» Exercise details: Would you return the listing exactly as written, apart from its pictures?
[Information provided]
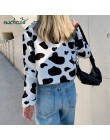 SUCHCUTE futra dla kobiet nadruk z krową pluszowa kurtka Modis Longslive Zipper Casual ciepłe, jesienne zimowe 2019 płaszcz hara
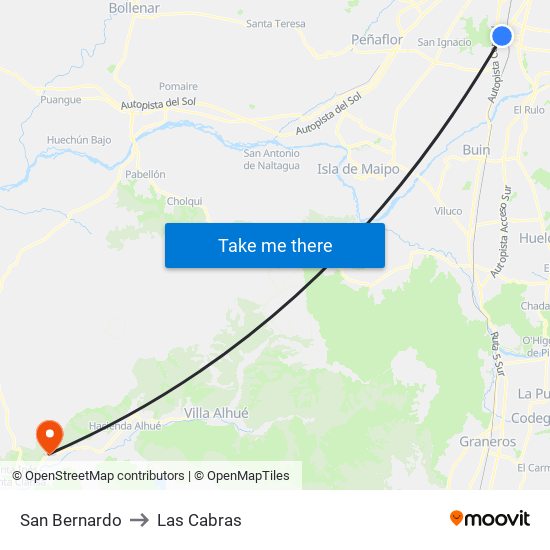 San Bernardo to Las Cabras map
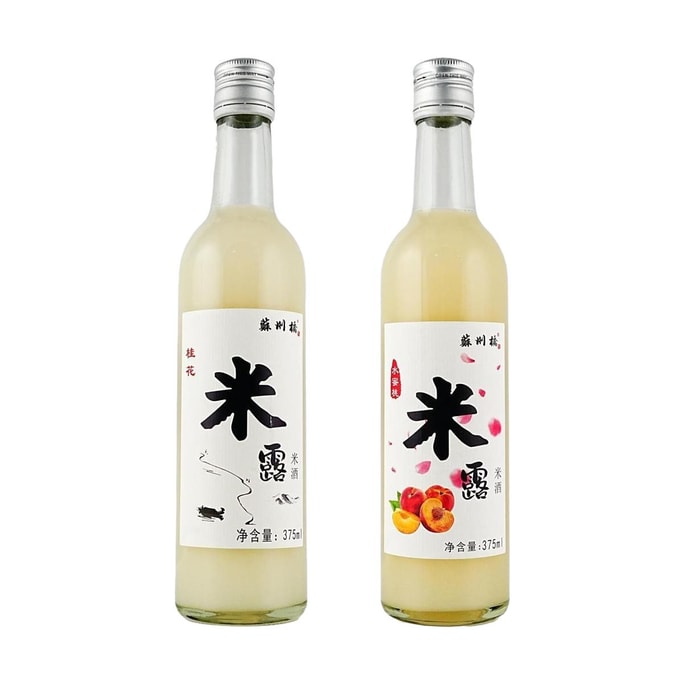 Osmanthus Rice Dew Drink+Peach Rice Dew Drink ,12.7 fl oz*2【2 Flavor Combo Packs】【0.5%vol】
[/Information provided]
» Output:
 SUCHCUTE futra dla kobiet nadruk z krową pluszowa kurtka Modis Longslive Zipper Casual ciepłe, jesienne zimowe 2019 płaszcz hara
 San Bernardo to Las Cabras map
 Osmanthus Rice Dew Drink+Peach Rice Dew Drink ,12.7 fl oz*2【2 Flavor Combo Packs】【0.5%vol】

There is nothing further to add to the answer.